[Exercise instructions]
All of the data that follows is to be printed exactly, without pictures.

[Collected material]
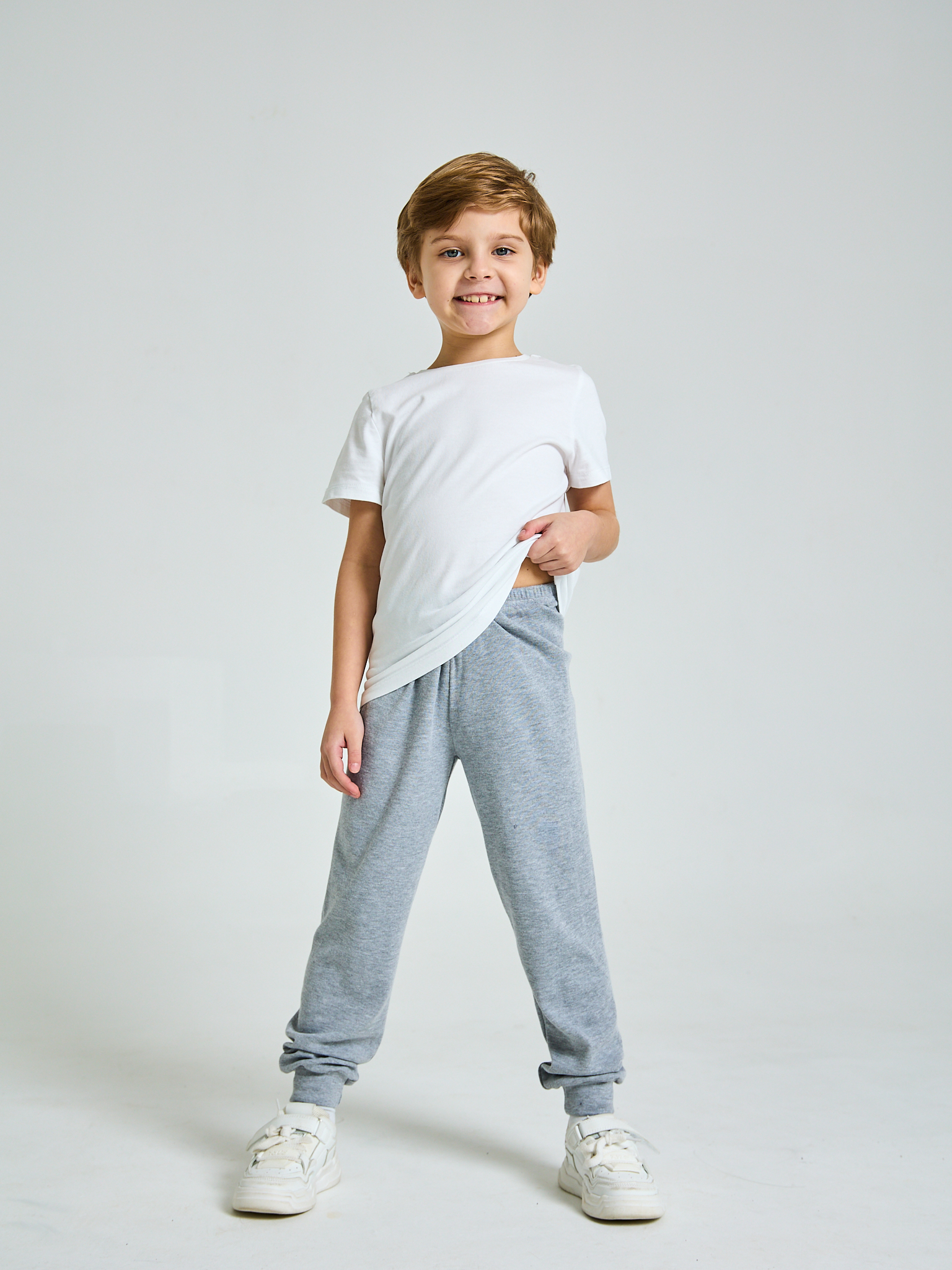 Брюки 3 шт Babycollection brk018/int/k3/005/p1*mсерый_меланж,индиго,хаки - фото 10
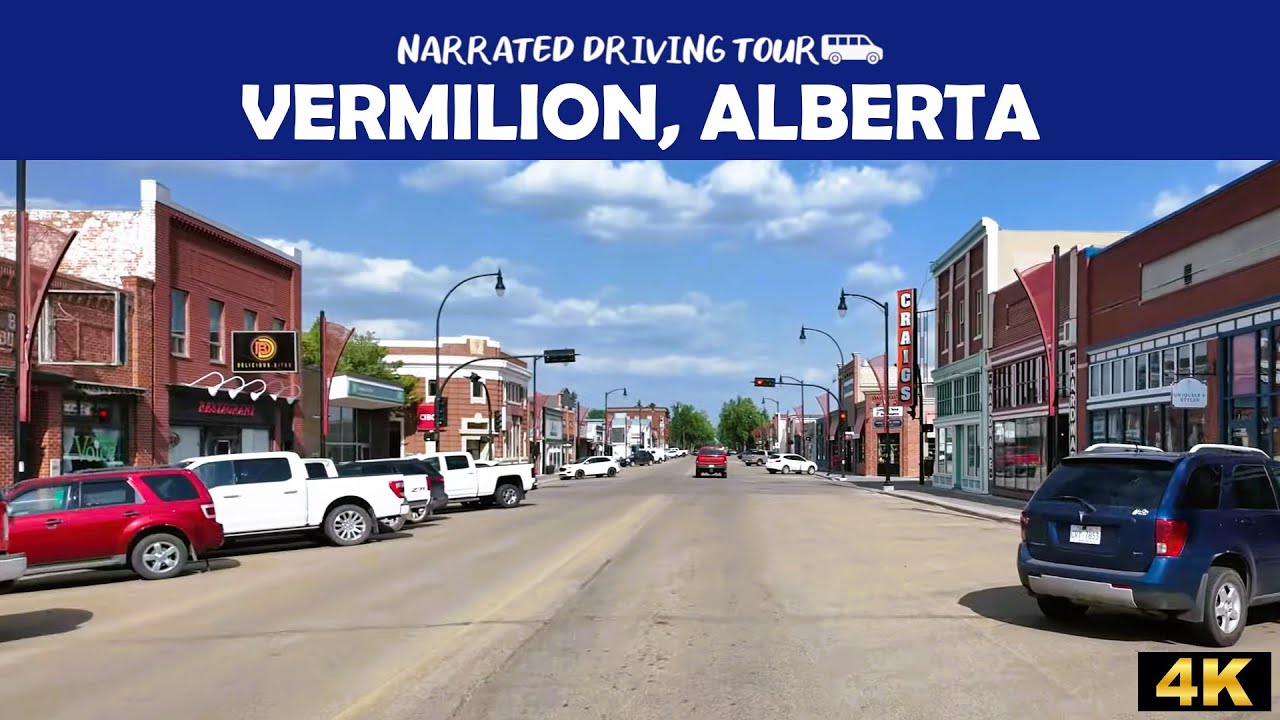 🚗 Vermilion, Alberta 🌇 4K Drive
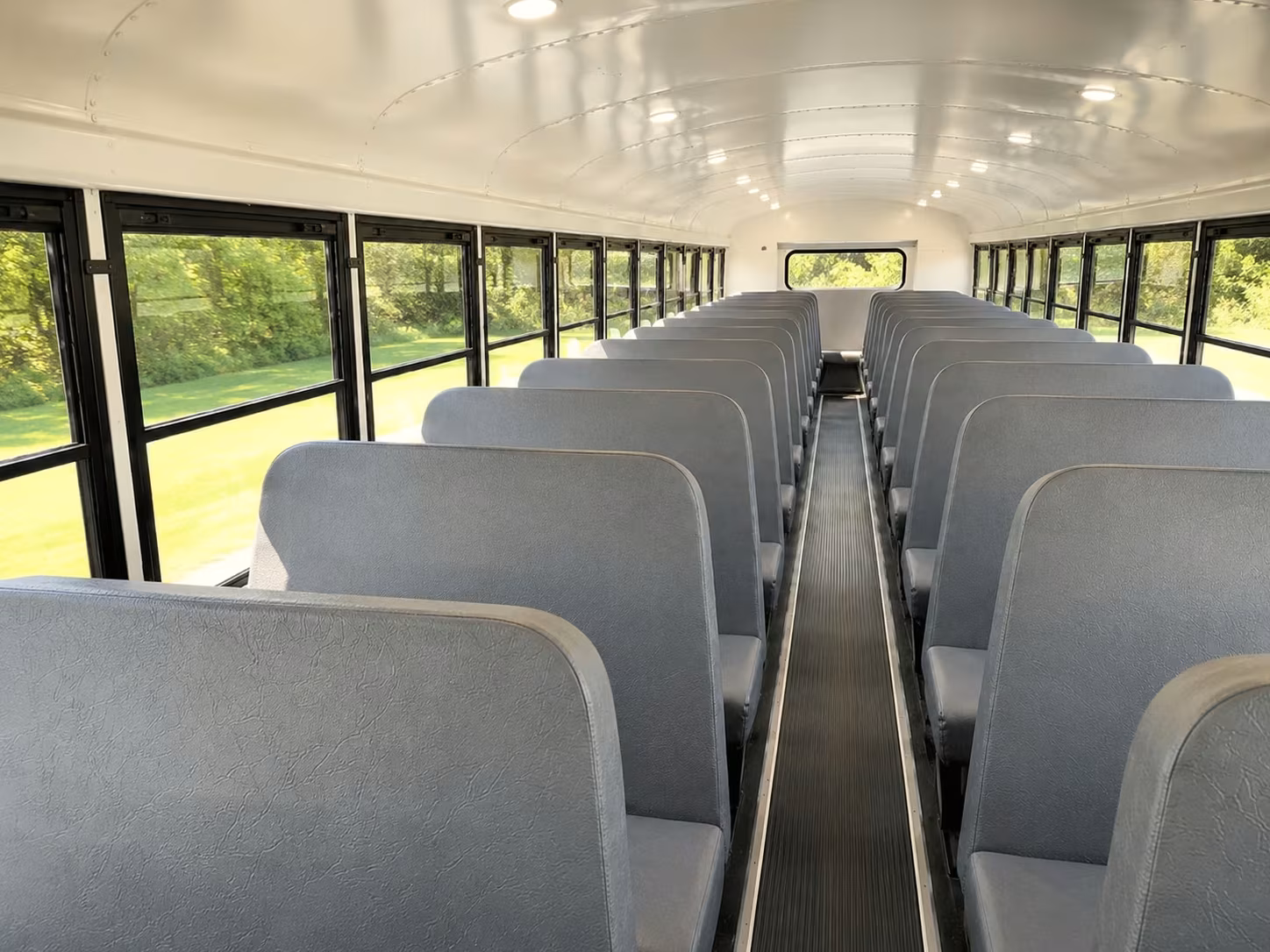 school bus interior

[Answer for the task]
 Брюки 3 шт Babycollection brk018/int/k3/005/p1*mсерый_меланж,индиго,хаки - фото 10
 🚗 Vermilion, Alberta 🌇 4K Drive
 school bus interior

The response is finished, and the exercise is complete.